Warum reicht kein einfaches „Nein”?
Irgendwann wurde mir klar, wie doof ich das Konzept finde. Nicht, weil ich ein Feind von Ehrlichkeit bin, wenn man doch in festen Händen ist. Oder weil ich verlange, man sollte potentiellen Verehrern umgekehrt etwas vormachen, wenn man doch tatsächlich vergeben ist. Was mich stört, ist die Tatsache, dass oft erst das dazu führt, dass jemand von meinen Freundinnen ablässt. Als würde ihr „Nein, danke”, und „Ich habe kein Interesse”, das sie zuerst äußern und all die nonverbalen Signale nichts nützten, keine Bedeutung haben.

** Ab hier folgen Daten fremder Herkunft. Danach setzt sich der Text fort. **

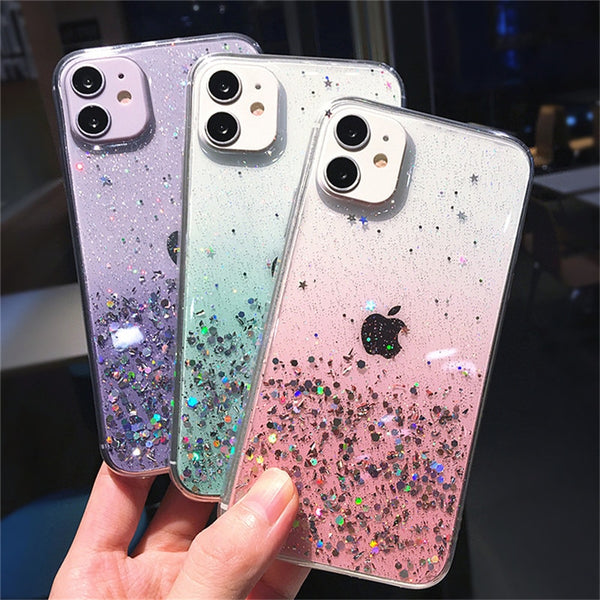 Clear Glitter Phone Case with Cute Gradient Rainbow Sequins for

Wieso wird nicht akzeptiert, dass ich einfach nicht will, sondern erst dann, wenn klar ist, dass ein anderer Mann oder eine andere Frau im Spiel ist? Wenn es doch um mich geht, kann man eigentlich nicht ernsthaft glauben, dass ich plötzlich Bock hätte, wenn man mich drängt?
Und doch tat ich es dieses Mal. Ich nahm den einfachen Weg und war in diesem Fall ehrlich, weil ich wusste, dass es in der Regel effektiv ist: „Ich habe einen Freund.”
„Ah, du hast einen Freund?”
Der junge Mann mit Bartstoppeln und zerzaustem Haar stockte kurz, blickte dann aber nicht weniger stolz wieder in mein Gesicht, während ich bereits langsam weiter ging und entschuldigend lächelte. Und er. Er ging einfach mit und trottete mir hinterher: „Wie alt bist du denn?”, fragte er weiter. Ich merkte, wie unangenehm ich die Situation fand. Aber entschied mich schon wieder für den einfachen Weg: Antworten. „Vierundzwanzig.” „Ah, cool.” „Ich muss echt los”, warf ich ein und ging schneller, doch auch das ignorierte er und hielt weiter mit mir Schritt.
„Du bist vierundzwanzig”, wiederholte er und grinste mich fröhlich an. „Was glaubst du, wie alt ich bin?” „Keine Ahnung”, raunte ich genervt. Genervt von ihm und auch ein wenig von mir. Wenn ich doch fucking vier-und-zwanzig-Jahre alt bin, wieso kann ich mich nicht deutlicher äußern?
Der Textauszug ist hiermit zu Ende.